Common types of elder abuse include physical abuse, psychologic abuse, neglect, and financial abuse. Each type may be intentional or unintentional. The perpetrators are often adult children but may be other family members or paid or informal caregivers. Abuse usually becomes more frequent and severe over time. Fewer than 20% of abuse cases are reported; thus, physicians must remain vigilant in identifying older patients at risk of mistreatment.
Physical abuse is use of force resulting in physical or psychologic injury or discomfort. It includes striking, shoving, shaking, beating, restraining, forceful feeding, and unwarranted administration of drugs. It may include sexual assault (any form of sexual intimacy without consent or by force or threat of force).
Psychologic abuse is use of words, acts, or other means to cause emotional stress or anguish. It includes issuing threats (eg, of institutionalization), insults, and harsh commands, as well as remaining silent and ignoring the person. It also includes infantilization (a patronizing form of ageism in which the perpetrator treats the older person as a child), which encourages the older person to become dependent on the perpetrator.
Neglect is the failure or refusal to provide food, medicine, personal care, or other necessities; it also includes abandonment.

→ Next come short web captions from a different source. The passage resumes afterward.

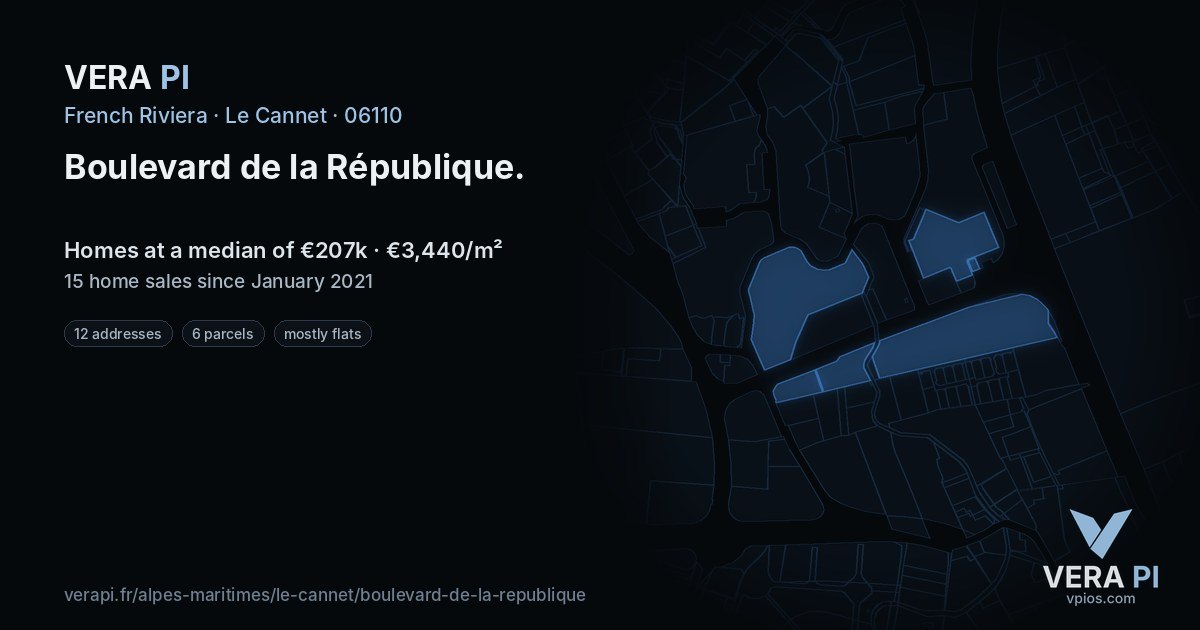 Boulevard de la République, Le Cannet at night – every parcel coloured by the prices around it, the street's own parcels lit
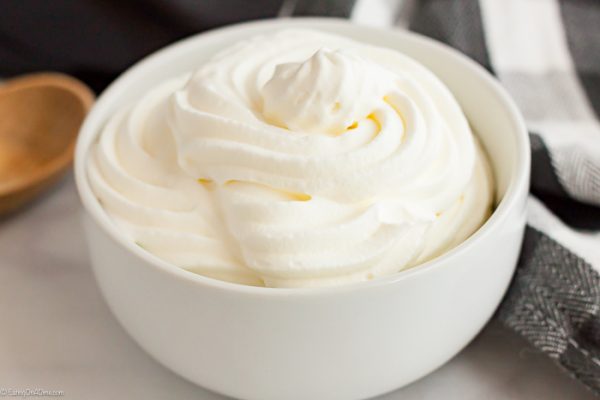 How to make Whipped Cream (& VIDEO!) - Homemade Whipped Cream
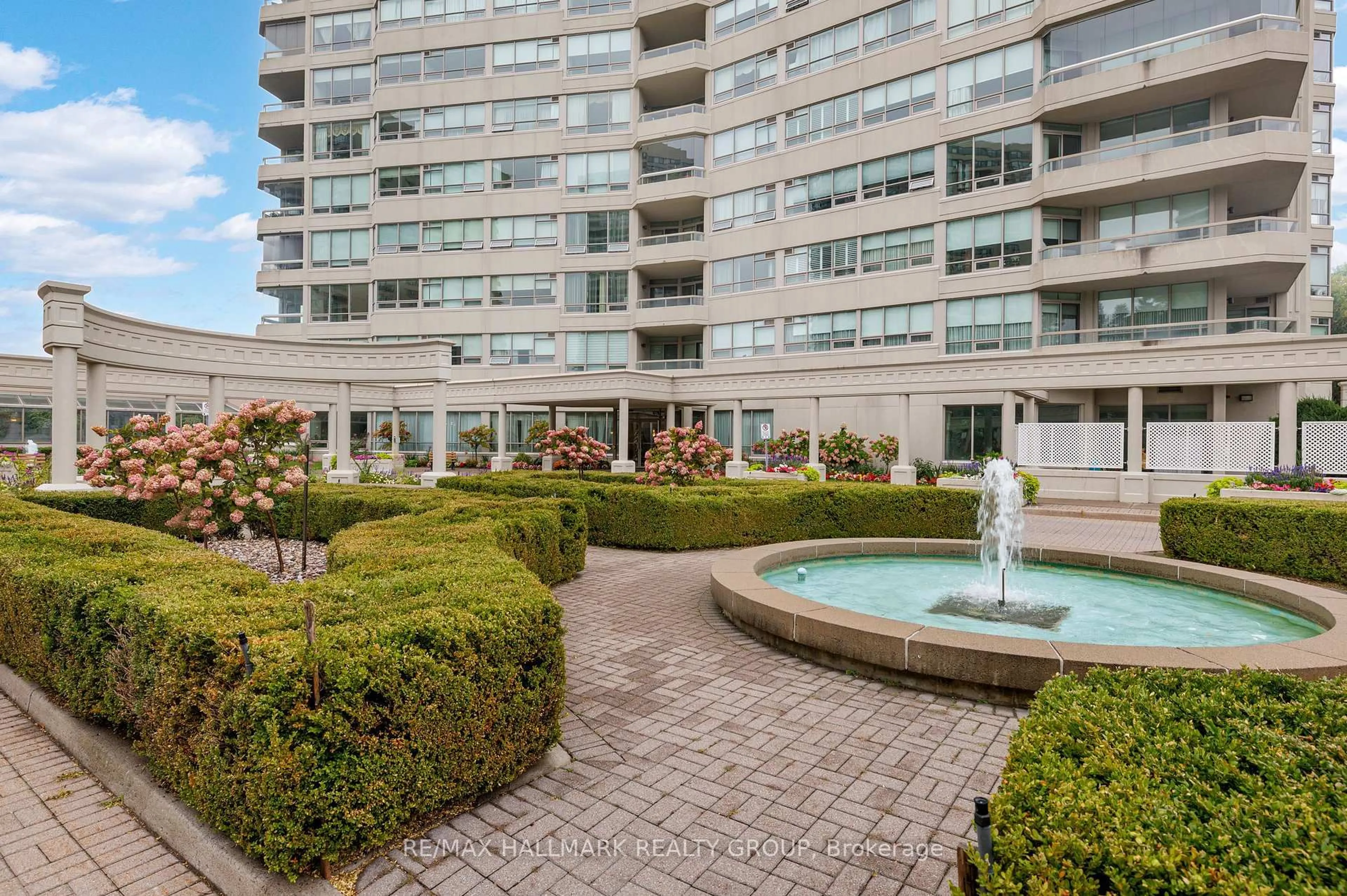 Patio, water/lake/river/ocean view for 1480 Riverside Dr #2204, Ottawa Ontario K1G 5H2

Neglect that results in physical or psychologic harm is considered abuse.
Financial abuse is exploitation of or inattention to a person’s possessions or funds. It includes swindling, pressuring a person to distribute assets, and managing a person’s money irresponsibly.
Although the true incidence is unclear, elder abuse appears to be a growing public health problem in the US. The National Center on Elder Abuse cites studies reporting as many as 1 in 10 older adults are victims of physical abuse, psychologic abuse, sexual abuse, financial exploitation, and neglect. In Canadian and western European studies, incidence of abuse was comparable to that in the US.
For the victim, risk factors for elder abuse include impairment (chronic disorders, functional impairment, cognitive impairment) and social isolation. For the perpetrator, risk factors include substance abuse, psychiatric disorders, a history of violence, stress, and dependence on the victim (including shared living arrangements—see table Risk Factors for Elder Abuse).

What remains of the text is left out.